Information shown –
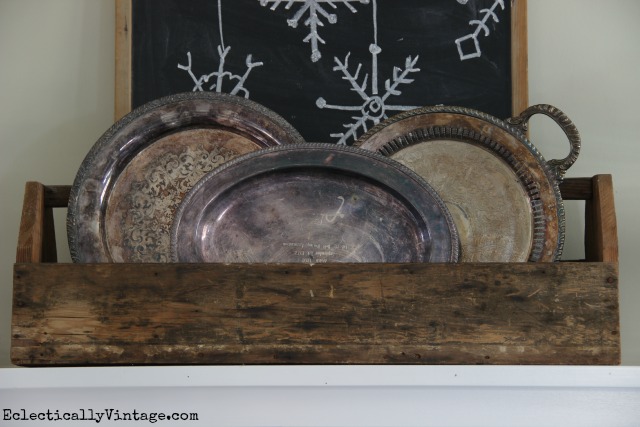 Vintage silver platters in a rustic wooden toolbox kellyelko.com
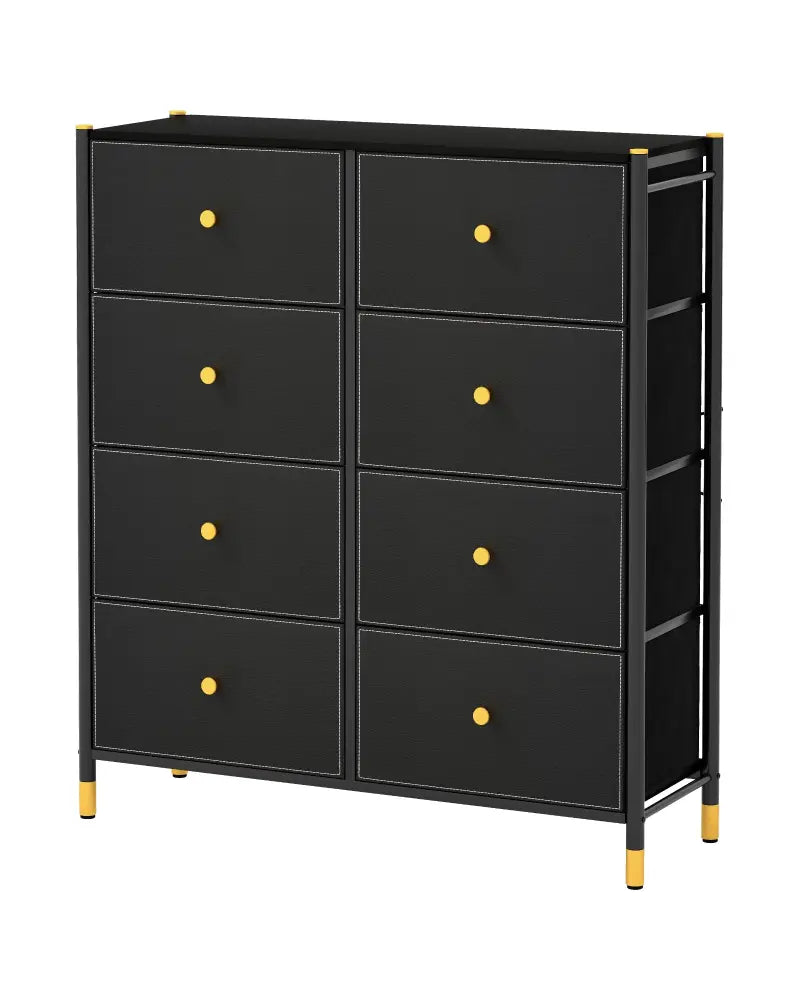 Floor Dresser Storage Organizer with 5/6/8 Drawers with Fabric Bins and Metal Frame-8-Drawer - Black - Dressers & Chests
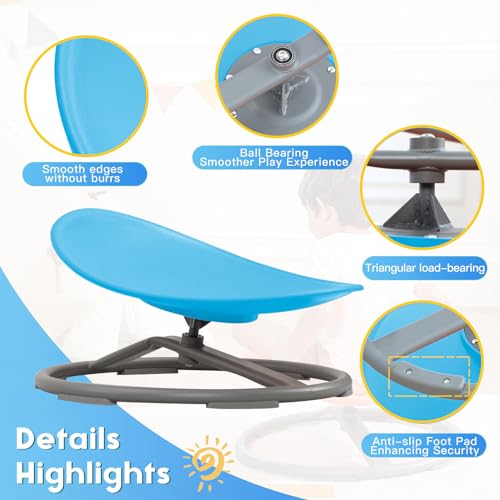 BABAMU Blue Egg Sensory Spinning Chair for Autistic Kids, 220lb Capacity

Your goal – Return the data word for word without its pictures.

Exercise solution –
 Vintage silver platters in a rustic wooden toolbox kellyelko.com
 Floor Dresser Storage Organizer with 5/6/8 Drawers with Fabric Bins and Metal Frame-8-Drawer - Black - Dressers & Chests
 BABAMU Blue Egg Sensory Spinning Chair for Autistic Kids, 220lb Capacity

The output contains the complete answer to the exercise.